Write out exactly, please, every line from the beginning of the entries to the line holding "Silver Jeans Women's Classic Blue Boot Cut", and no pictures.
Start of Task input
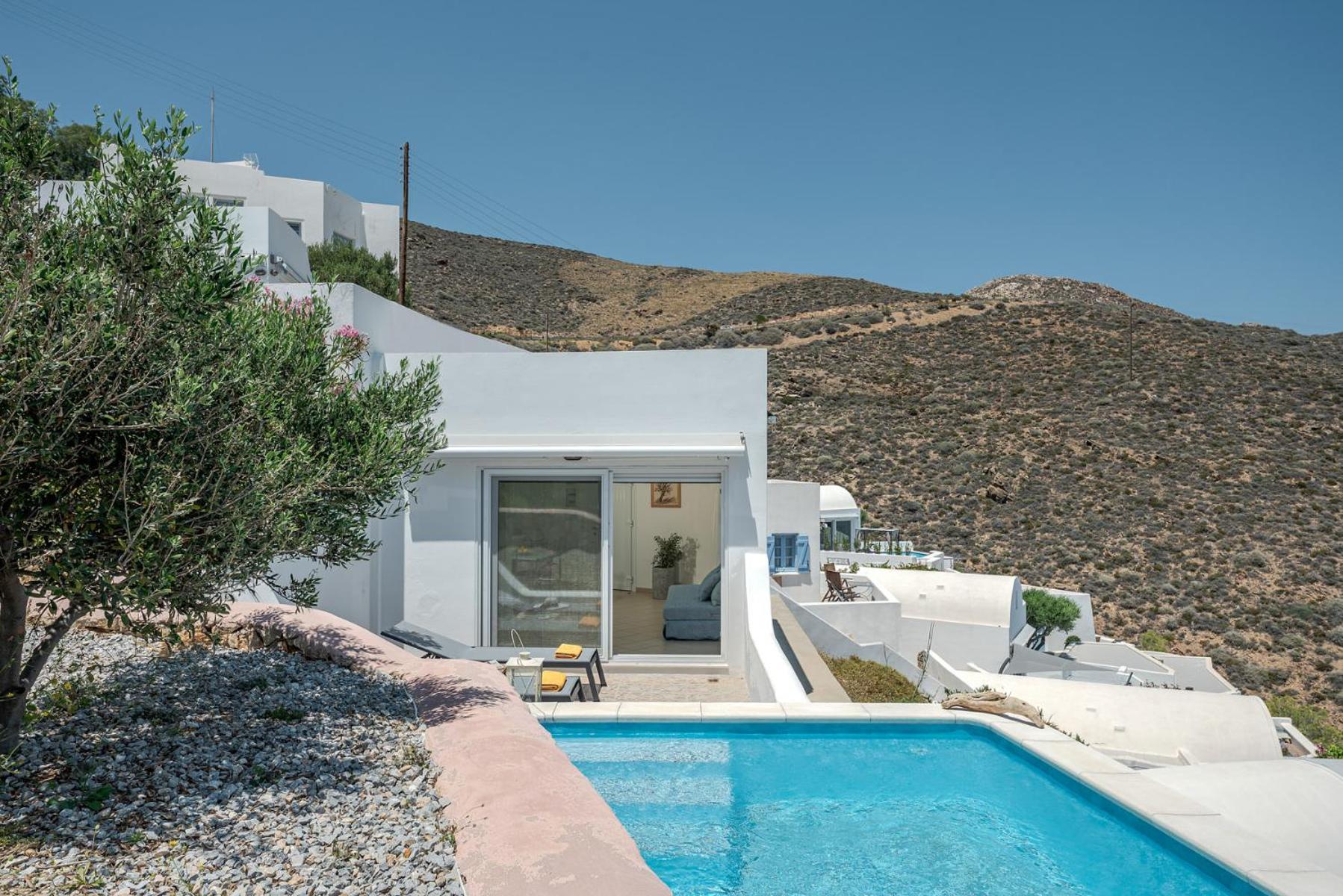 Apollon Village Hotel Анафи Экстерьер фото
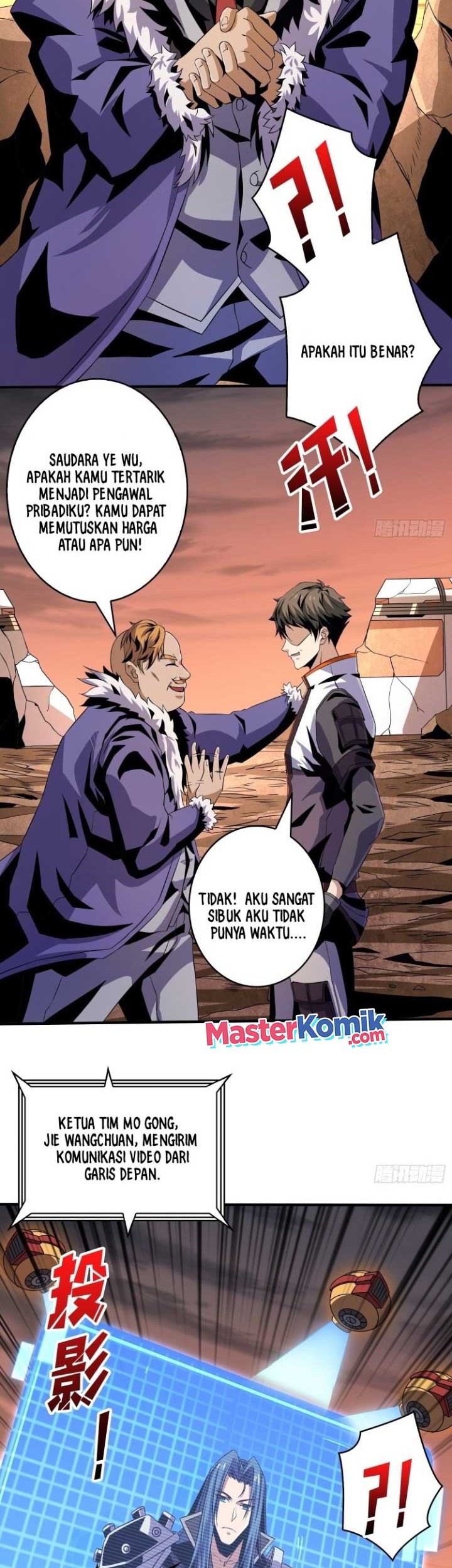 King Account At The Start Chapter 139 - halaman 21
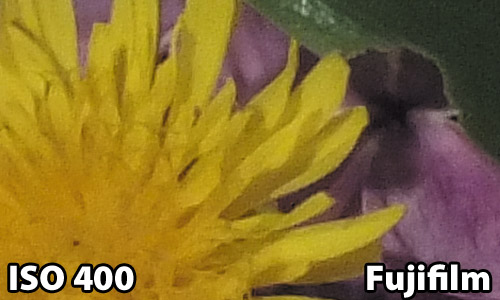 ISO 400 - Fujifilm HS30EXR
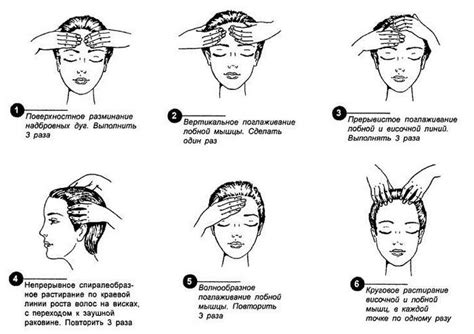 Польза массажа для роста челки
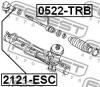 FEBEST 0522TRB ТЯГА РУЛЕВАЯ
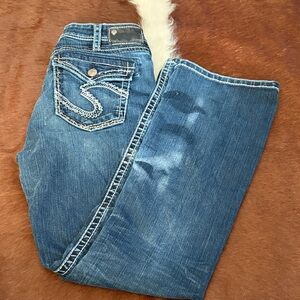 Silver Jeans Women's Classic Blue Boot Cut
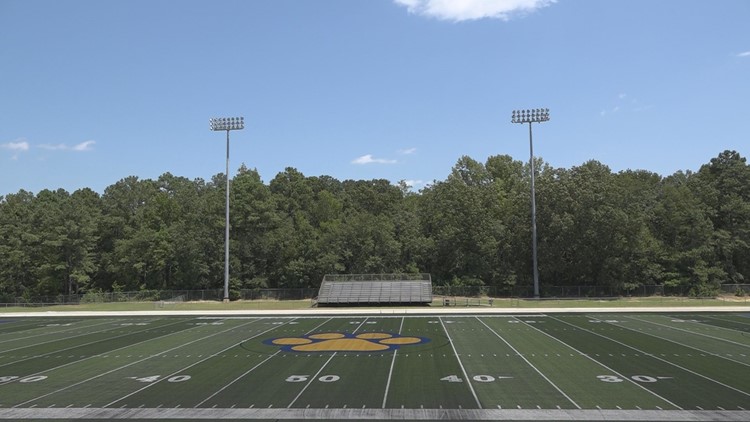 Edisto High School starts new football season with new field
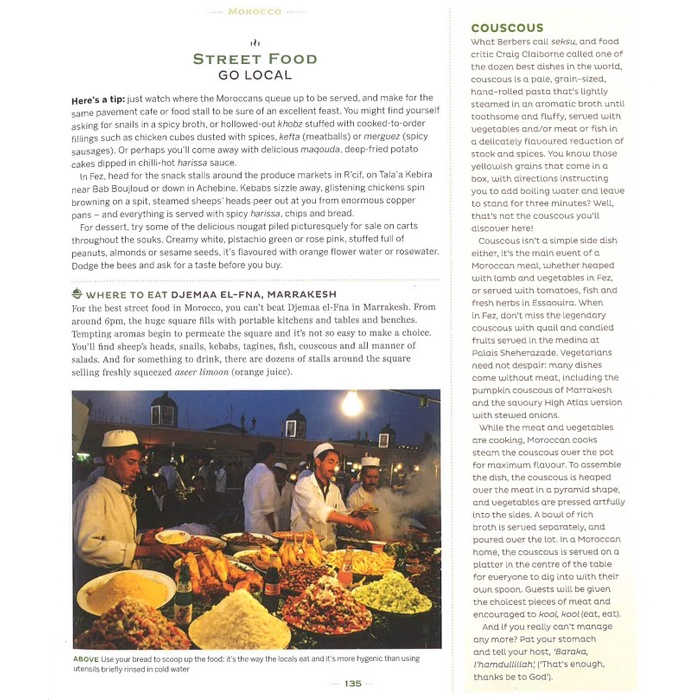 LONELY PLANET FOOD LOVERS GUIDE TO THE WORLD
End of Task input
Output for this exercise:
 Apollon Village Hotel Анафи Экстерьер фото
 King Account At The Start Chapter 139 - halaman 21
 ISO 400 - Fujifilm HS30EXR
 Польза массажа для роста челки
 FEBEST 0522TRB ТЯГА РУЛЕВАЯ
 Silver Jeans Women's Classic Blue Boot Cut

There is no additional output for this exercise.